• Exercise aim
Leave every picture behind and copy the rest of the entries below exactly.

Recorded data
((
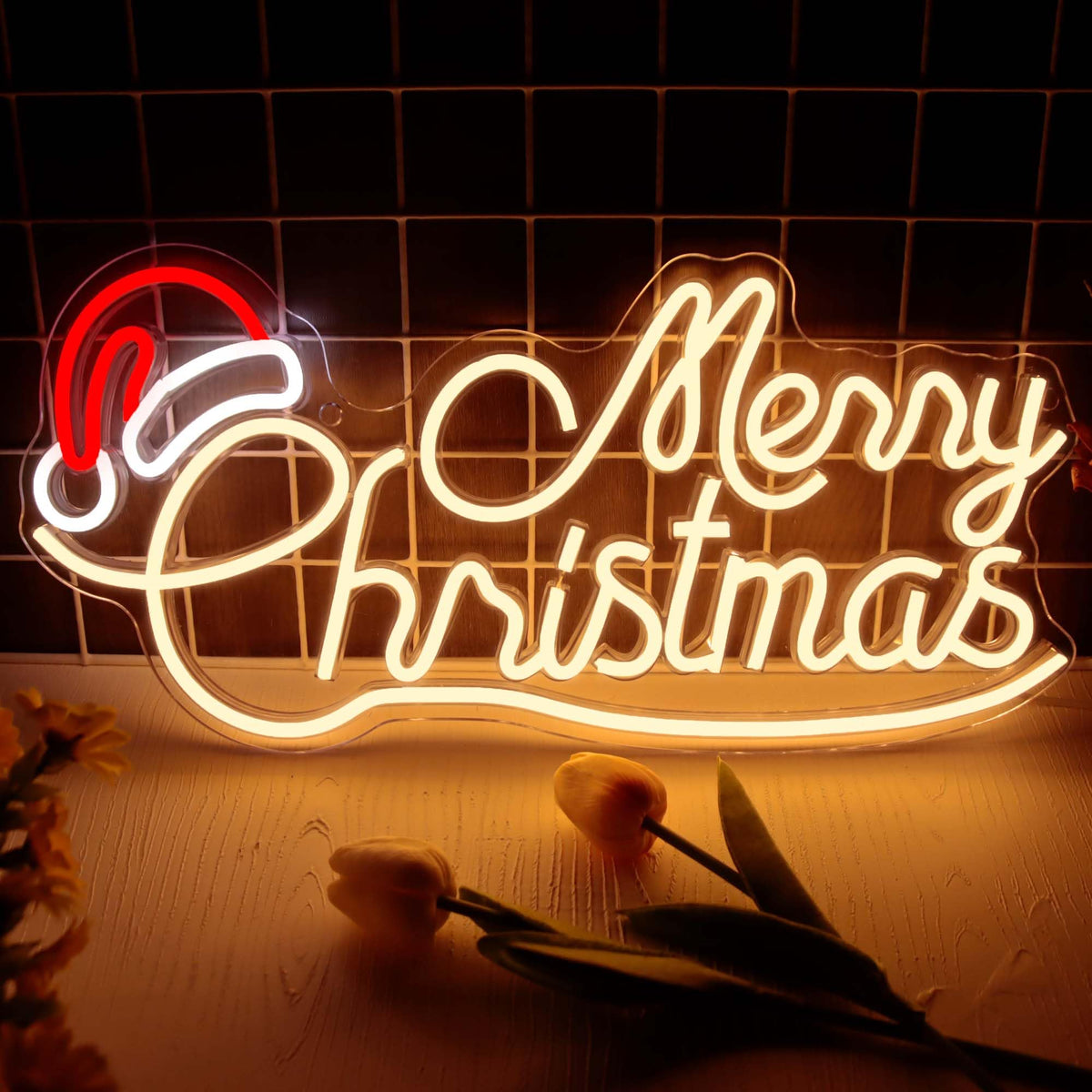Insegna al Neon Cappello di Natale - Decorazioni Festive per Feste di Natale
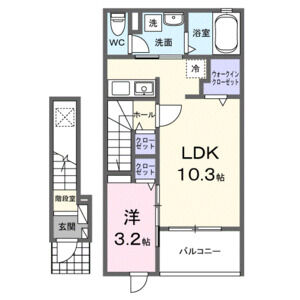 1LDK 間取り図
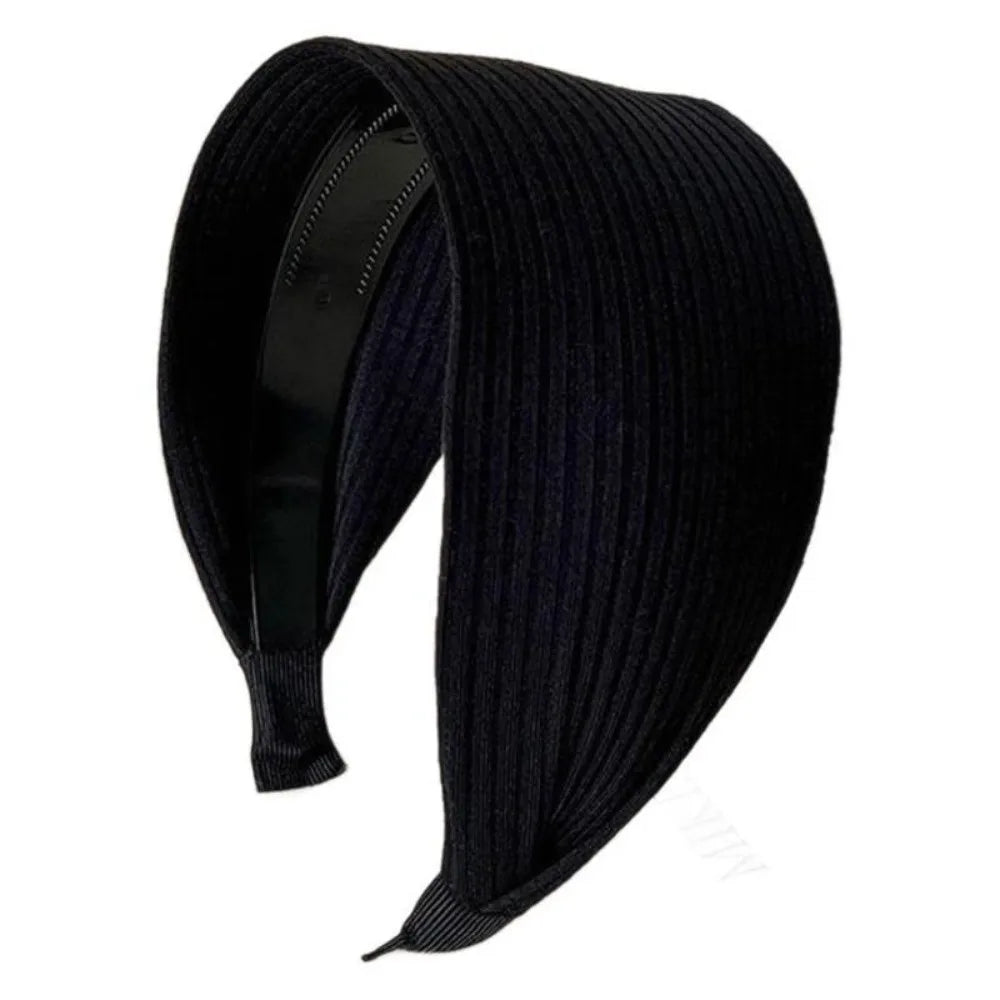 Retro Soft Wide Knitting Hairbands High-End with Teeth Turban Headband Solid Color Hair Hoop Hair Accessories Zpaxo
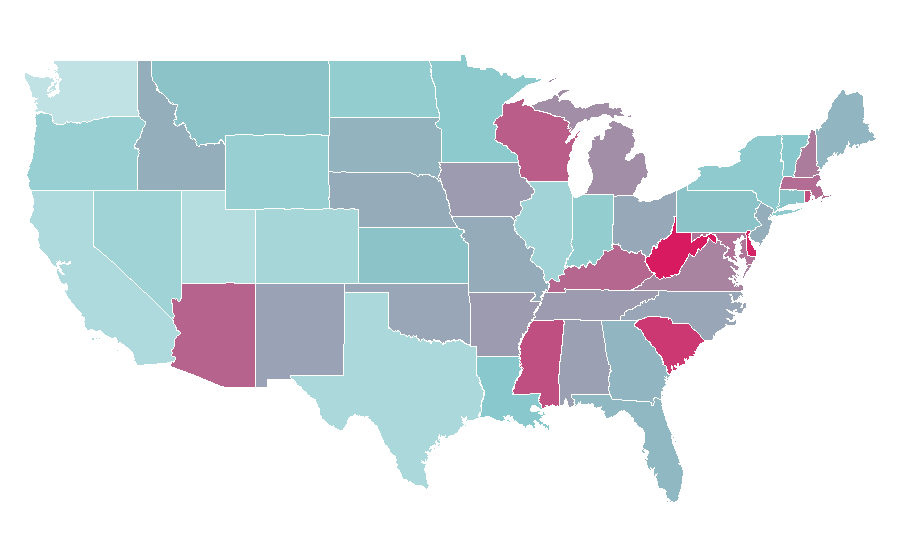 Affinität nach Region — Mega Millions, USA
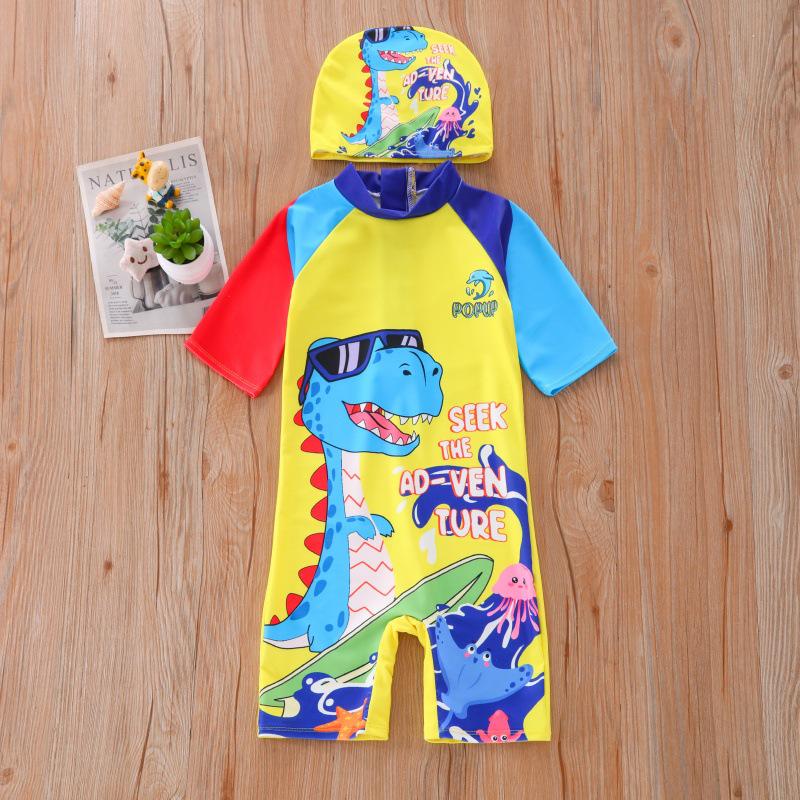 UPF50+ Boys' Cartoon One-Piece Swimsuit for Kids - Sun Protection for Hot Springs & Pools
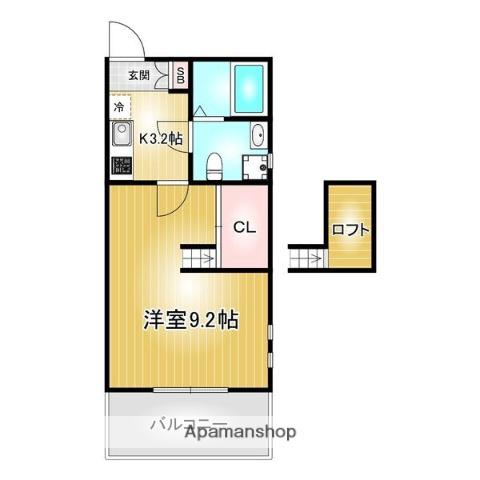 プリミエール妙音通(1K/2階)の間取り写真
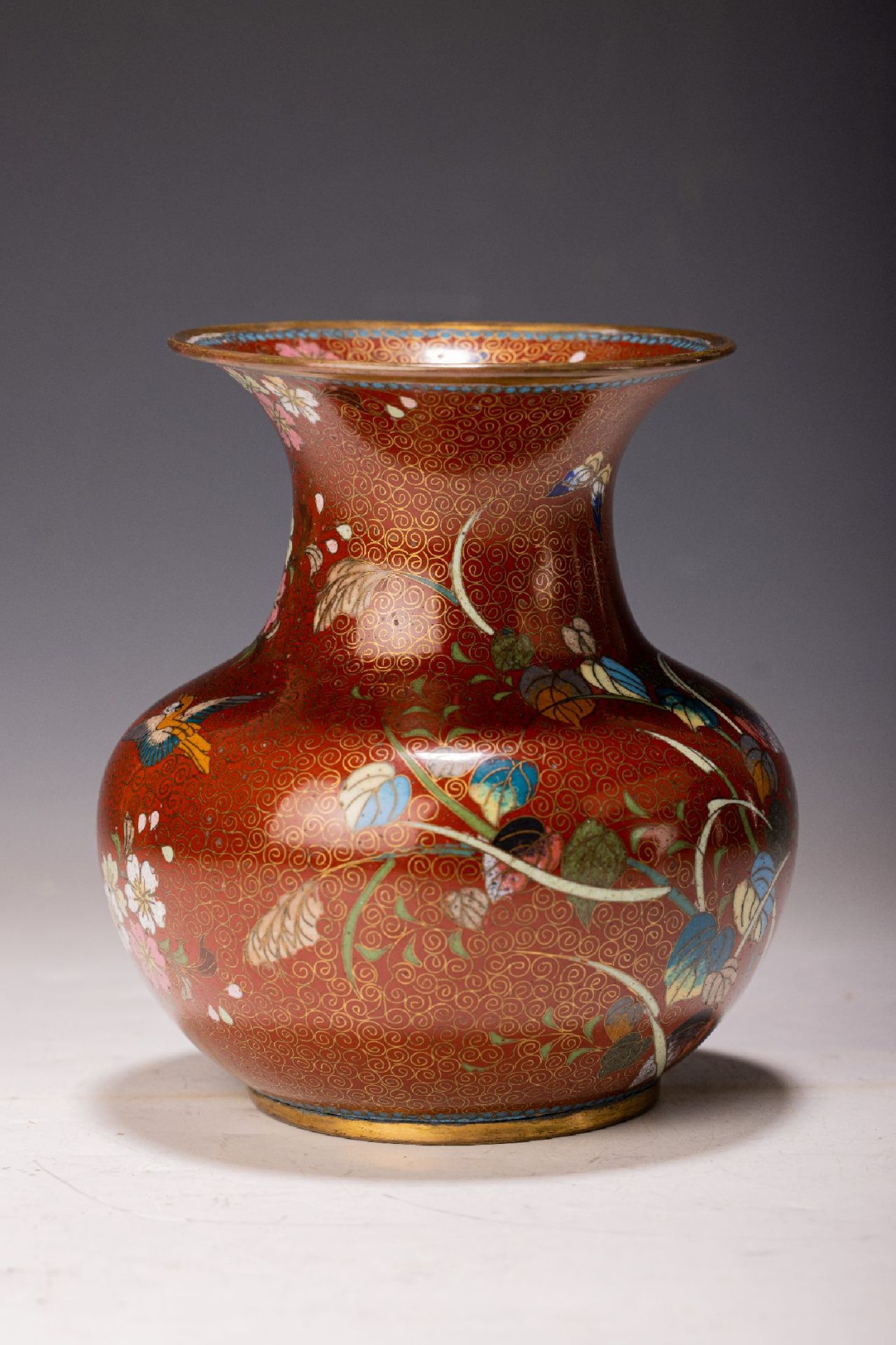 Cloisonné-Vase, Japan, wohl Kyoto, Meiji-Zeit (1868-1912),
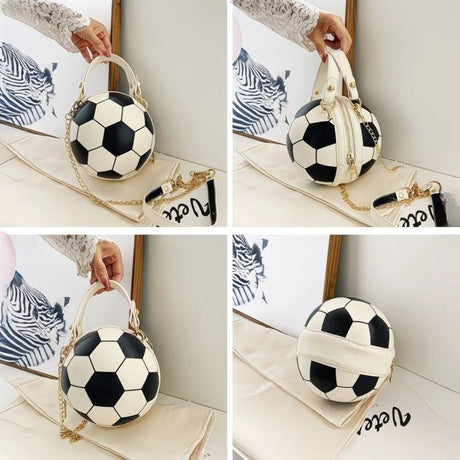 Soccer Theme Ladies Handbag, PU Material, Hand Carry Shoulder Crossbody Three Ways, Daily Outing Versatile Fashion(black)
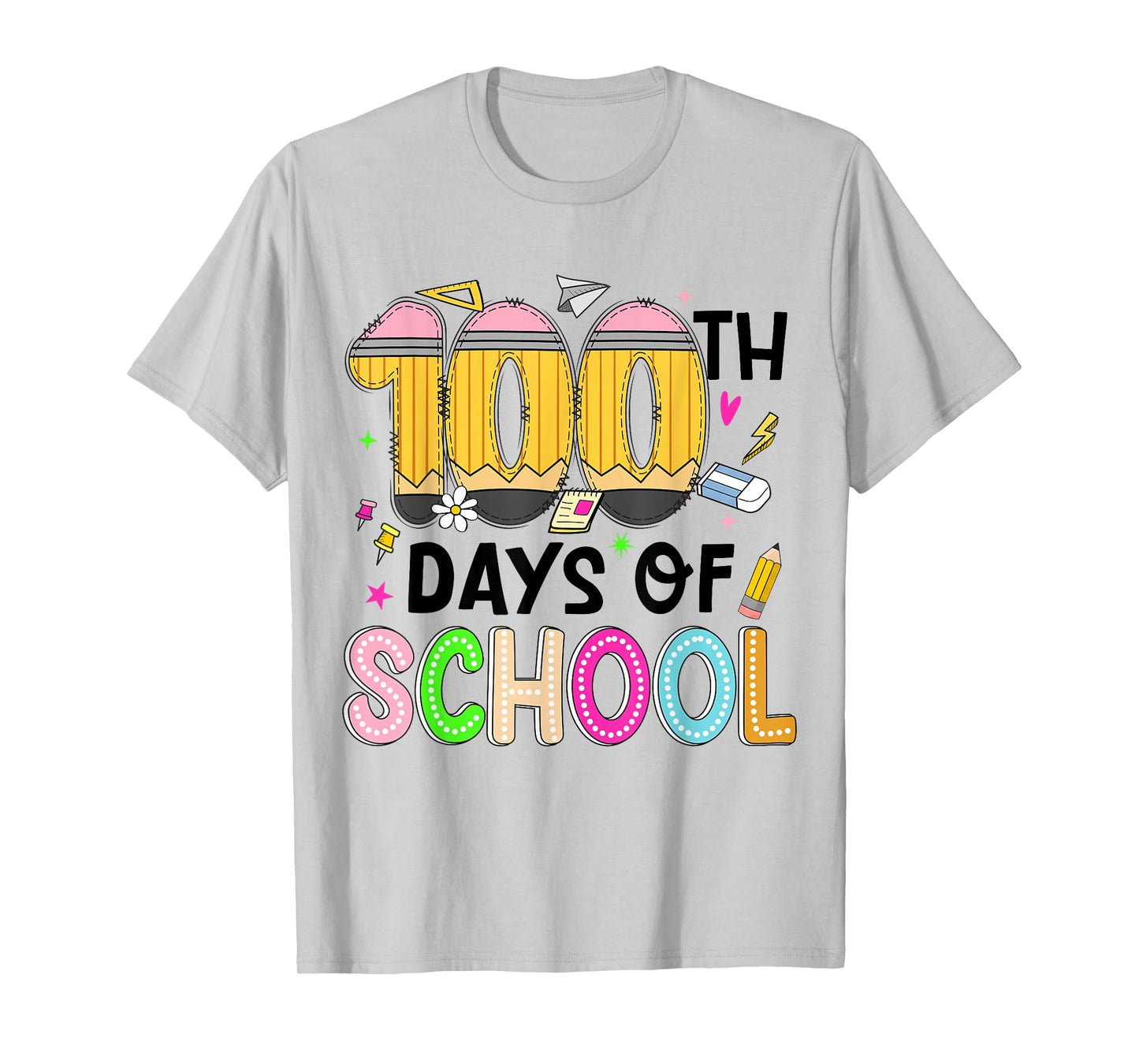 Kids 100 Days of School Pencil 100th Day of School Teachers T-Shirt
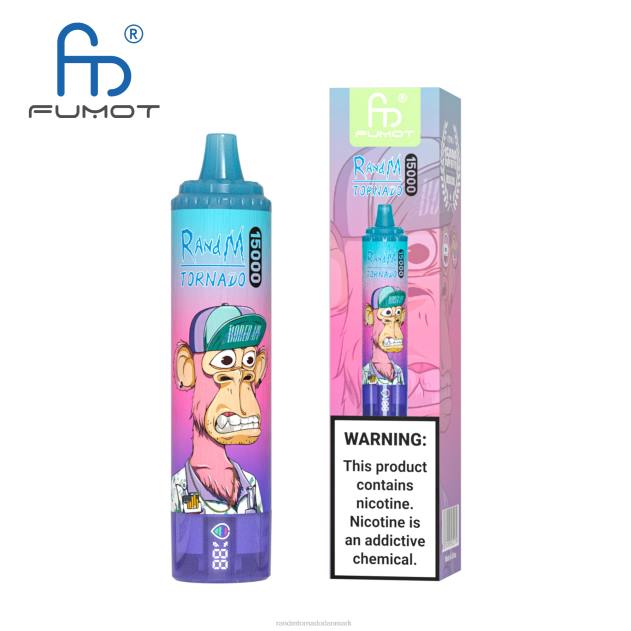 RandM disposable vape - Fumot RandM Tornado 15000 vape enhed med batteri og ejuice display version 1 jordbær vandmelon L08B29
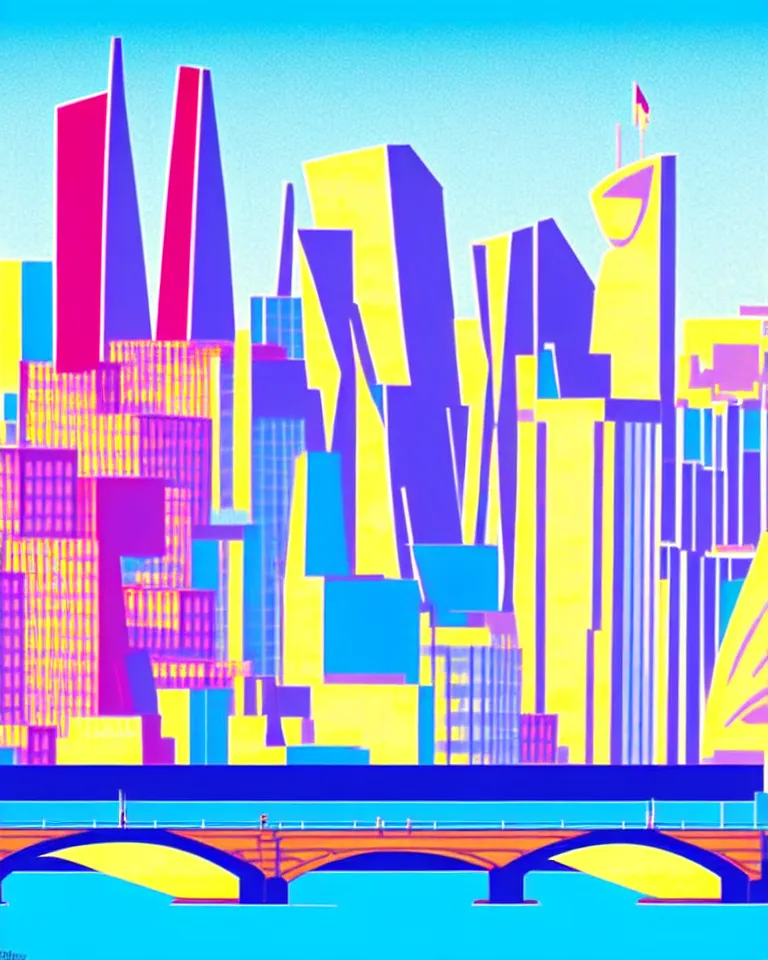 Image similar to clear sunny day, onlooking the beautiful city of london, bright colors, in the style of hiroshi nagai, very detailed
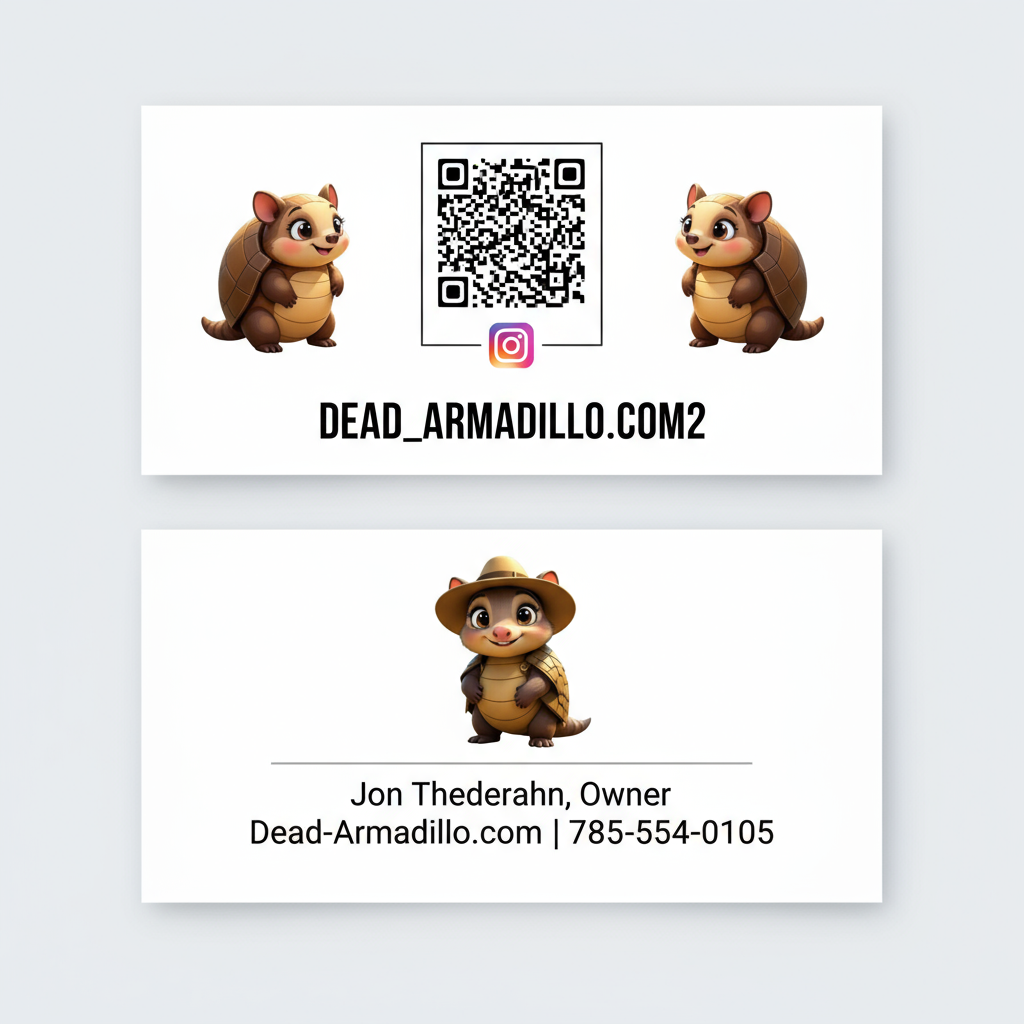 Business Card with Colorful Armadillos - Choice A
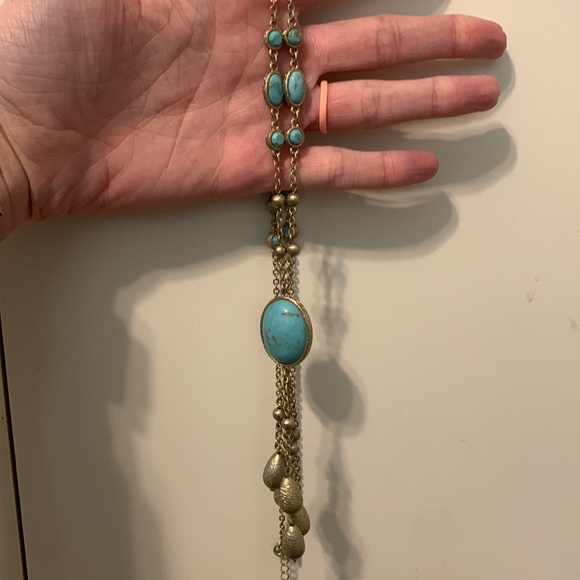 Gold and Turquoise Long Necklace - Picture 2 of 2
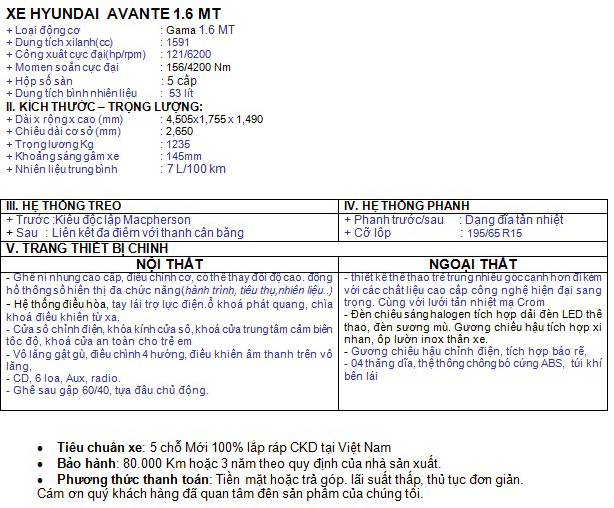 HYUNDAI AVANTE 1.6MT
))
• Exercise response
Insegna al Neon Cappello di Natale - Decorazioni Festive per Feste di Natale
 1LDK 間取り図
 Retro Soft Wide Knitting Hairbands High-End with Teeth Turban Headband Solid Color Hair Hoop Hair Accessories Zpaxo
 Affinität nach Region — Mega Millions, USA
 UPF50+ Boys' Cartoon One-Piece Swimsuit for Kids - Sun Protection for Hot Springs & Pools
 プリミエール妙音通(1K/2階)の間取り写真
 Cloisonné-Vase, Japan, wohl Kyoto, Meiji-Zeit (1868-1912),
 Soccer Theme Ladies Handbag, PU Material, Hand Carry Shoulder Crossbody Three Ways, Daily Outing Versatile Fashion(black)
 Kids 100 Days of School Pencil 100th Day of School Teachers T-Shirt
 RandM disposable vape - Fumot RandM Tornado 15000 vape enhed med batteri og ejuice display version 1 jordbær vandmelon L08B29
 Image similar to clear sunny day, onlooking the beautiful city of london, bright colors, in the style of hiroshi nagai, very detailed
 Business Card with Colorful Armadillos - Choice A
 Gold and Turquoise Long Necklace - Picture 2 of 2
 HYUNDAI AVANTE 1.6MT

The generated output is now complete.